GPIO COMMAND-LINE TESTING
wiringPi: digitalWrite()
The digitalWrite() command is used to run power to a desired gpio pin. If the pin is in OUTPUT mode and you have a desired gpio pin set to some name (in this example, LED_PIN), then typing the command
digitalWrite(LED_PIN, HIGH);
will send voltage to that pin to power whatever is hooked up to it. If there is an LED light, then the command will cause the LED to illuminate. The command can also be used to shot off a pin in output mode. By typing
digitalWrite(LED_PIN, LOW);
The voltage to the pin will be interrupted, and the LED light will shut off.
pico: gpio_put()
The gpio_put() function is a command given to the computer relating to the input of a statement. The “gpio” corresponds to the gp-pin of the pico designated for the code to run through, with “put” being the command that tells the computer that a code is to be “put” into the command. An example is the wiring of an LED; the LED will only be lit up with the gpio_put () function if its “power” wiring is correctly placed in the denoted gp-pin.
BUTTON
GPIO MODE SETTING
In order to allow for the button that is connected to the circuit to be used as an actual input for the code and to power the light through the code of the program for ptb0 we need to ensure that the mode of the pin the button is connected to is set to input. We do this through the line of code “pinMode (button, OUTPUT);”. The “button” factor in the parentheses is simply whatever variable name you assigned to the button pin when you initialized it.
VERIFYING CORRECT CIRCUIT CONNECTION
wiringPi: digitalRead()
While digitalWrite() will send voltage to a gpio pin in “output” mode in order to power a component such as an LED light, the digitalRead() function will read the digital state of a gpio pin in “input” mode. The function will return “HIGH,” “True,” or “1” if there is an input. If there is no iutput, the function will return “LOW,” “False,” or “0.”
pico: gpio_get()
The gpio_get() function is a command given to the computer relating to the output of a statement and is the opposite of the gpio_put() function. The “gpio” corresponds to the gp-pin of the pico designated for the code to run through, with “get” being the command that tells the computer that a code is to be “pulled” from the command. The code the computer needs to “get” must be the same code given to the computer in the corresponding gpio_put () function written in the same command box. An example is the use of a button to light up an LED; the LED is given a designated gp-pin to be wired to, but the gpio_get () function can tell the computer that the LED should only be lit it if the wired button is pushed down, and turned off when the button is released.
STRATEGY
The general core idea of the process (one way of going about it, anyway) can be described as follows:
REPEAT:
SHOULD THE BUTTON BE PRESSED:
ACTIVATE THE LED -> SENSORY ORGANS SENSE PERTINENT ELECTROMAGNETIC RADIATION
OTHERWISE:
DEACTIVATE THE LED -> SENSORY ORGANS NO LONGER SENSE ELECTROMAGNETIC RADIATION
DELAY AT LEAST FIFTY MILLISECONDS
SUBMISSION
To be successful in this project, the following criteria (or their equivalent) must be met:
- Project must be submit on time, by the deadline.

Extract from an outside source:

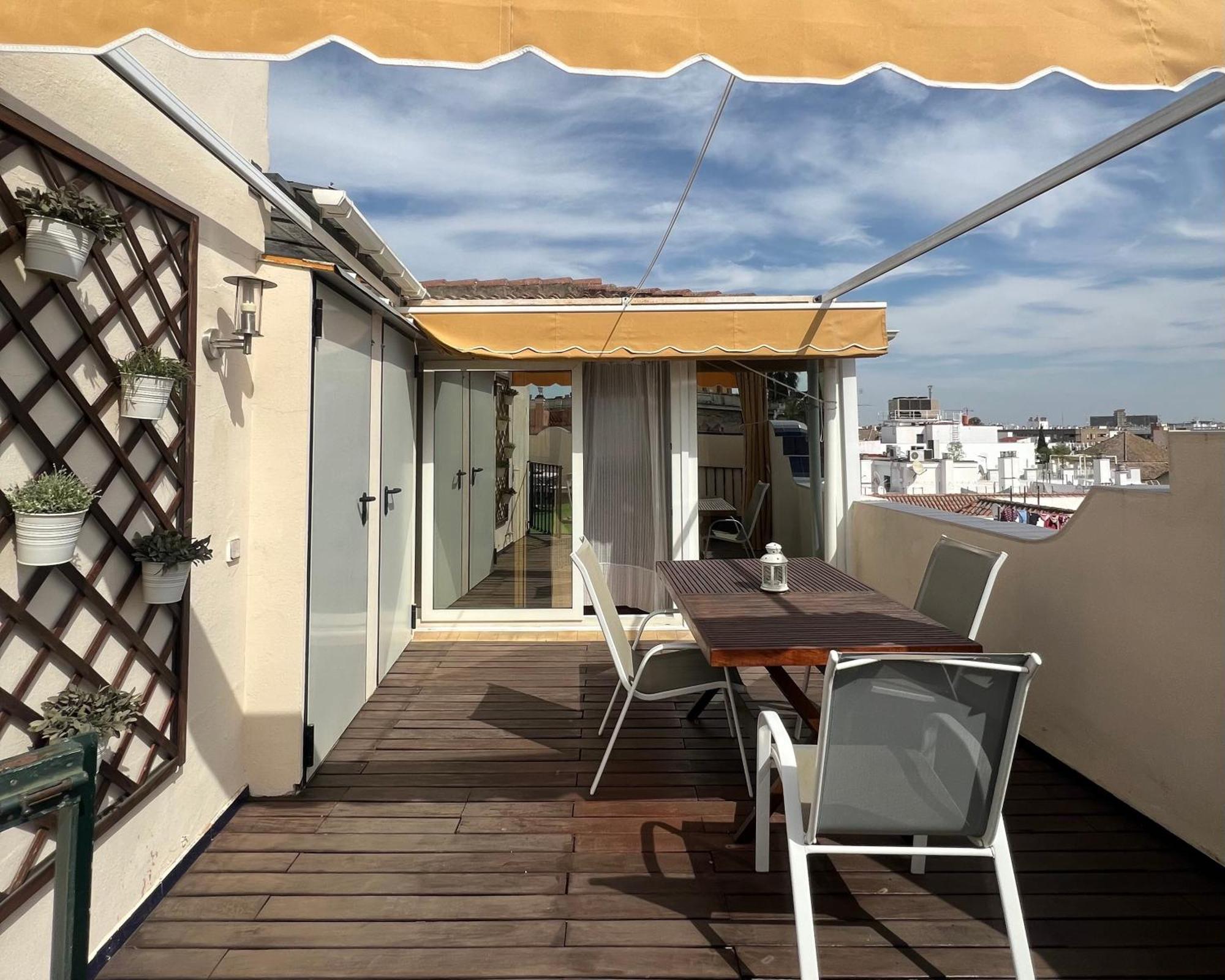 Penthouse One-Bedroom Apartment,1545330844:JPEG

- Late submissions will lose 33% credit per day, with the submission window closing on the 3rd day following the deadline.
- All code must compile cleanly (no warnings or errors)
- Compile with the -Wall and –std=gnu18 compiler flags
- all requested functionality must conform to stated requirements (either on this document or in a comment banner in source code files themselves).
- Executed programs must display in a manner similar to provided output
- output formatted, where applicable, must match that of project requirements
- Processing must be correct based on input given and output requested
- Output, if applicable, must be correct based on values input
- Code must be nicely and consistently indented
- Code must be consistently written, to strive for readability from having a consistent style throughout
- Code must be commented
- Any “to be implemented” comments MUST be removed
- these “to be implemented” comments, if still present at evaluation time, will result in points being deducted.
- Sufficient comments explaining the point of provided logic MUST be present
- No global variables (without instructor approval), no goto statements, no calling of main()!
- Track/version the source code in your lab46 semester repository
- Submit a copy of your source code to me using the submit tool (make submit on lab46 will do this) by the deadline.
Submit Tool Usage
Let's say you have completed work on the project, and are ready to submit, you would do the following (assuming you have a program called uom0.c):
lab46:~/src/SEMESTER/DESIG/PROJECT$ make submit
You should get some sort of confirmation indicating successful submission if all went according to plan. If not, check for typos and or locational mismatches.
RUBRIC
I'll be evaluating the project based on the following criteria:
104:ptb0:final tally of results (104/104) *:ptb0:used grabit to obtain project by the Sunday prior to duedate [13/13] *:ptb0:clean compile, no compiler messages [13/13] *:ptb0:LED and button each hooked to unique GPIOs [13/13] *:ptb0:LED only lights up on activation [26/26] *:ptb0:button state is read, on button press code activates LED [26/26] *:ptb0:code tracked in lab46 semester repo [13/13]
Pertaining to the collaborative authoring of project documentation
- each class member is to participate in the contribution of relevant information and formatting of the documentation
- minimal member contributions consist of:
- near the class average edits (a value of at least four productive edits)
- near the average class content change average (a value of at least 256 bytes (absolute value of data content change))
- near the class content contribution average (a value of at least 1kiB)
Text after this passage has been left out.